Ms Garvey became emotional and stumbled over her words when she said that “the collapse of natural habitats, loss of species and degradation of our fresh and marine water ecosystems is on a scale unparalleled in human history”.
The Clare Senator said that “future generations will judge us on how we respond to this existential crisis but we are up for the challenge”.
“We all want to be able to look our grandchildren in the face and say that we did everything today we could do.”
Ms Garvey warned that “we are in the last second, the last minute to midnight as we face a complete destruction of all we have grown up to know, and our children won’t”.
She said that was why they had to put an economic value on this as well as a social value and a “health and heart value”.
Criticising Sinn Féin she said she was disappointed the party did not recognise the need for an economic value “because they are always talking about workers’ rights and the farmers are the workers”.
The farmers are the most important people they had to engage with “to protect our land and our planet for future generations”.
Sinn Féin Senator Lynn Boylan had earlier said she “winced” when she heard talk of “ecosystem services”. The global north had exploited nature for centuries and nature should be protected regardless of benefit humans might happen to accrue from it.
The former MEP said the “concept of offsets and ecosystem services are taken from the book of technocratic green-minded decision-makers who believe that something won’t be respected for its intrinsic value but for its monetary value or for what we as humans can get out of it”.
She warned that “commodifying nature is morally wrong” and if a price was put on something “there is always someone with pockets deep enough to buy it”. Ms Boylan also expressed concern about a new “neo-imperialism” in relation to nature and its economic value.
She cited as an example the establishment of a forestry system set up to store carbon but which “incentivised the planting of non-native trees” which she said described the current system in Ireland.

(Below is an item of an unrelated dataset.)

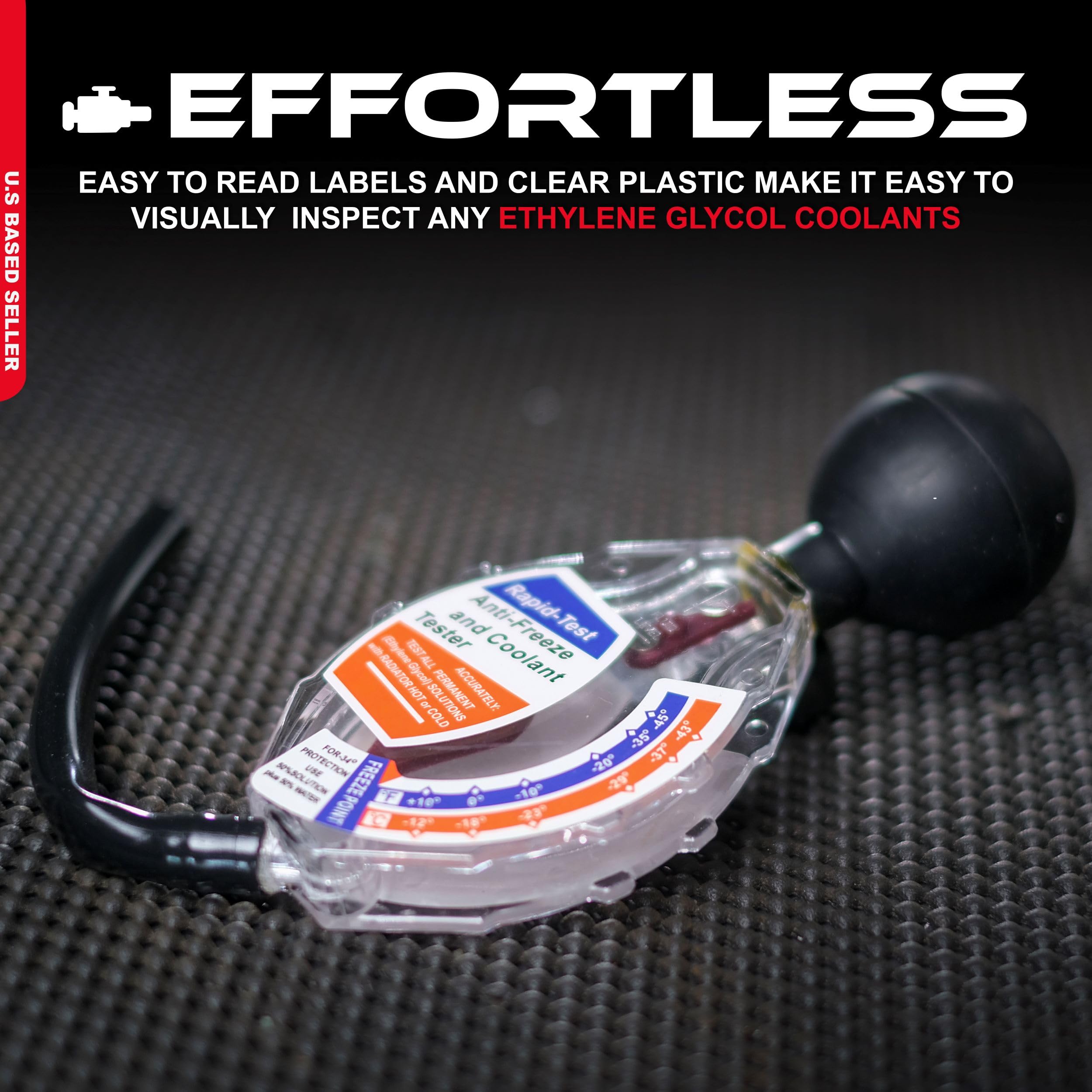 ABN Deluxe Antifreeze Tester Hydrometer – 10 Automotive Coolant Tester for Ethylene Glycol – Essential Cooling System Tool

Speaking in the debate Minister of State for Agriculture Pippa Hackett said she recognised the significant role of agriculture in bringing nature back into people’s lives.
‘’I see my role as supporting farmers who care about land. I know that is the vast majority of them.
“But farmers who know about nature and care about nature need a range of supports so that they can move to the more sustainable, less intensive practices which will support biodiversity. I intend to deliver those supports.’’
Ms Hackett, who has responsibility for biodiversity, stressed that it was a priority and the measures in the programme for government include the “implementation of EU Green Deal environmental measures, publication of a national pollinator plan, an increase in biodiversity awareness initiatives across all levels of education, the development of policies to increase urban biodiversity, and further work to build on the foundations laid at the first National Biodiversity Conference in 2019”.